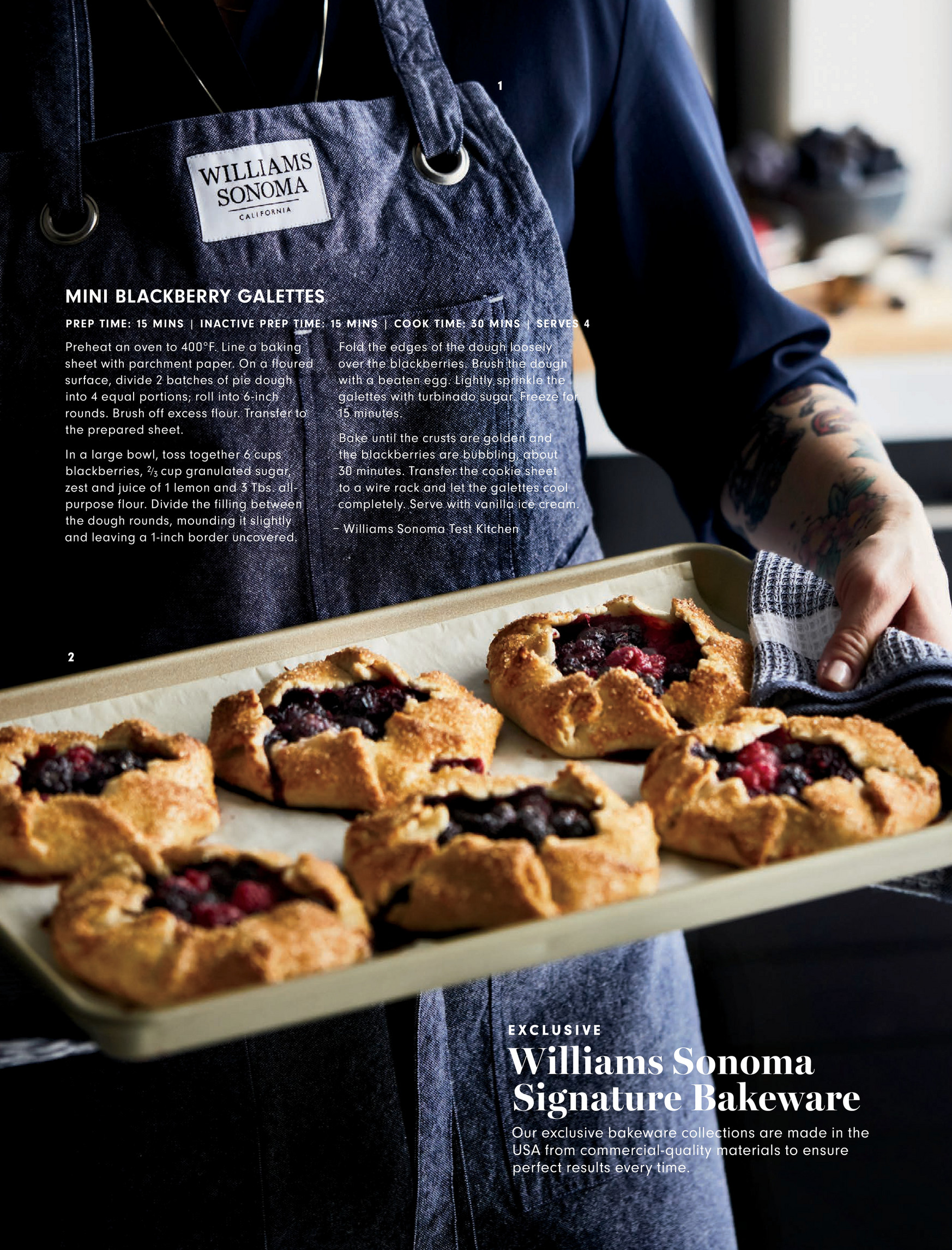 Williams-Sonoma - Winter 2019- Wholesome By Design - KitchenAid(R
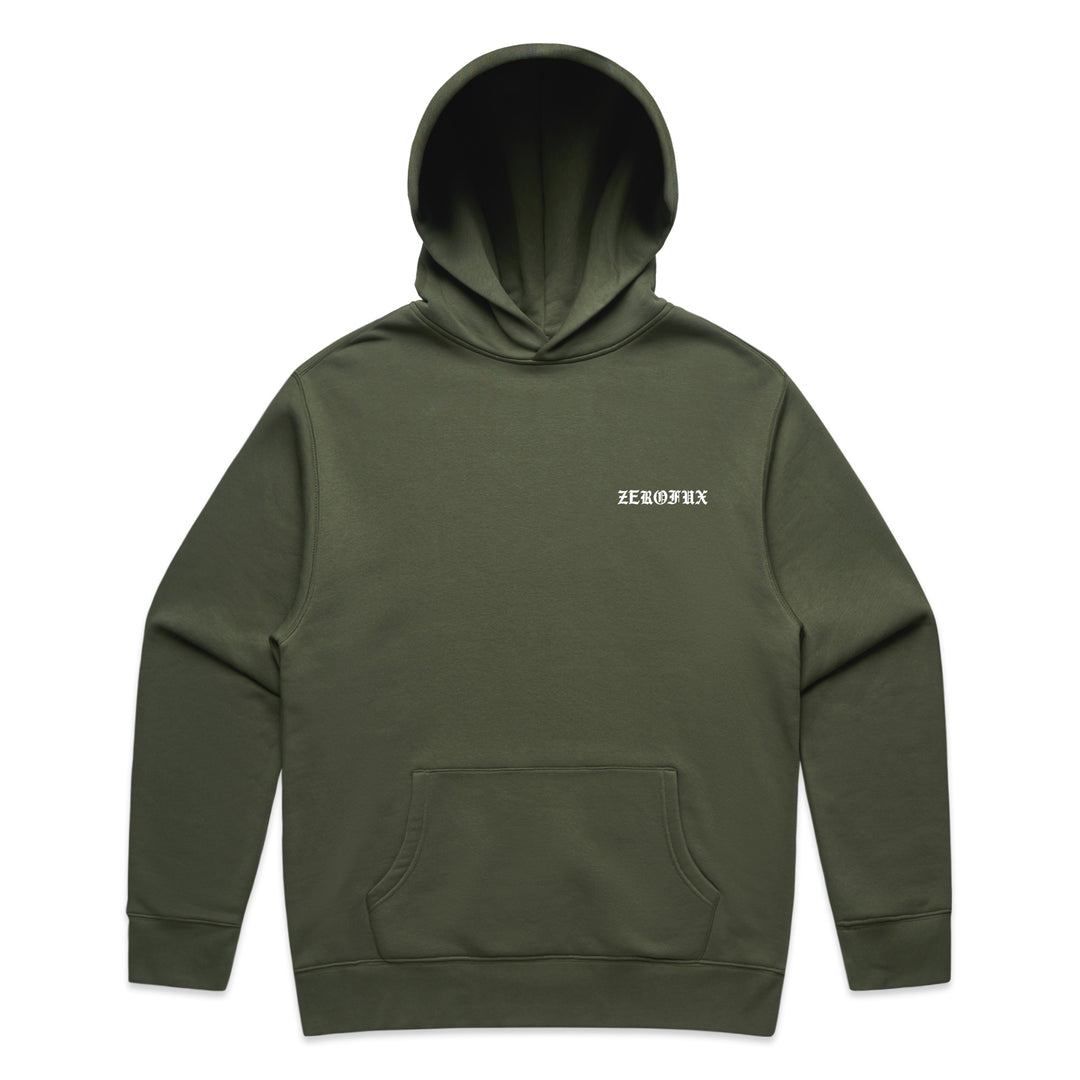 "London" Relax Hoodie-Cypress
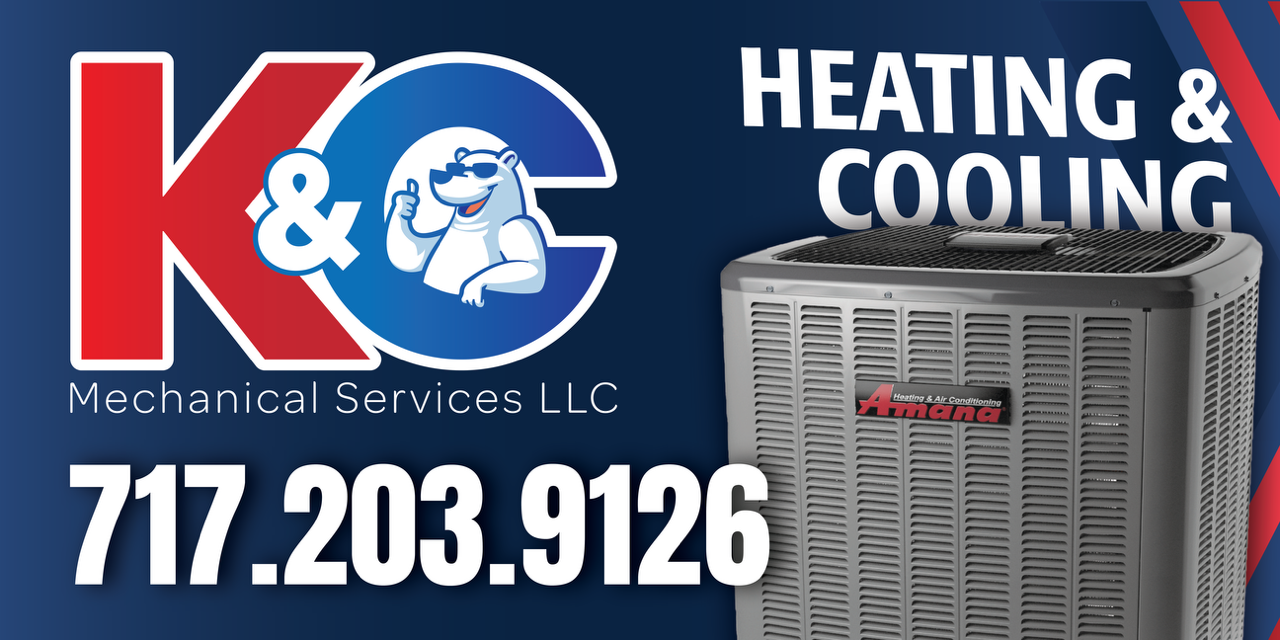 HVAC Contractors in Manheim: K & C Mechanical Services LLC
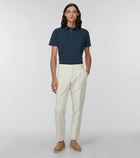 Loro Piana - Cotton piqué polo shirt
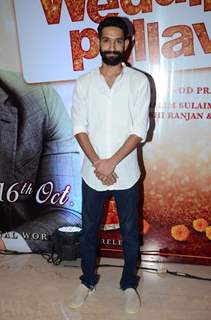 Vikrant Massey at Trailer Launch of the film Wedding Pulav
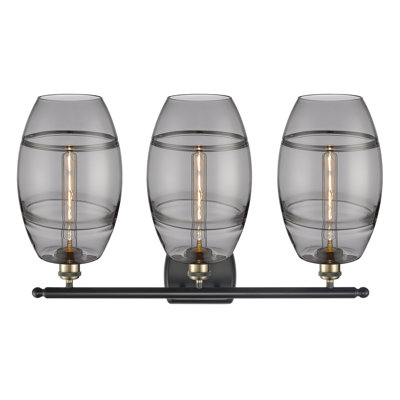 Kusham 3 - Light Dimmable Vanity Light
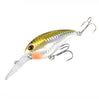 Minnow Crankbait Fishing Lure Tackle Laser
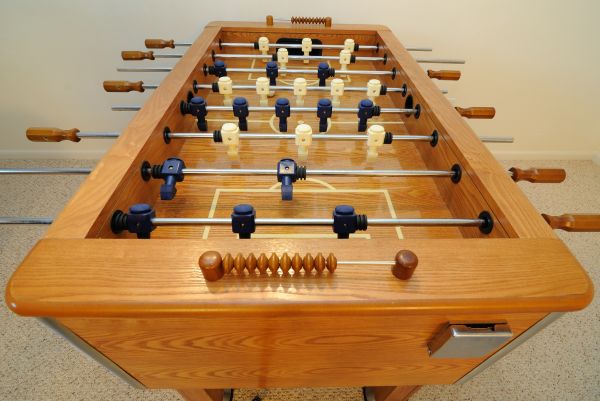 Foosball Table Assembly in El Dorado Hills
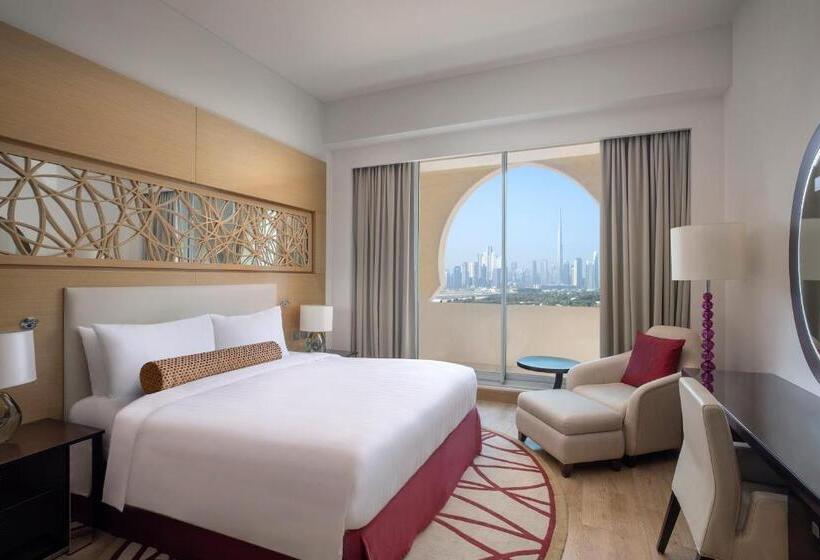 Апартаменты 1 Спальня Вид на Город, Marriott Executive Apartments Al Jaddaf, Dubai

To do: Leave every picture out and retype exactly the lines of the records above from the one holding "Loro Piana - Cotton piqué polo shirt" through the last, both ends included and nothing besides.

Response to this exercise:
 Loro Piana - Cotton piqué polo shirt
 Vikrant Massey at Trailer Launch of the film Wedding Pulav
 Kusham 3 - Light Dimmable Vanity Light
 Minnow Crankbait Fishing Lure Tackle Laser
 Foosball Table Assembly in El Dorado Hills
 Апартаменты 1 Спальня Вид на Город, Marriott Executive Apartments Al Jaddaf, Dubai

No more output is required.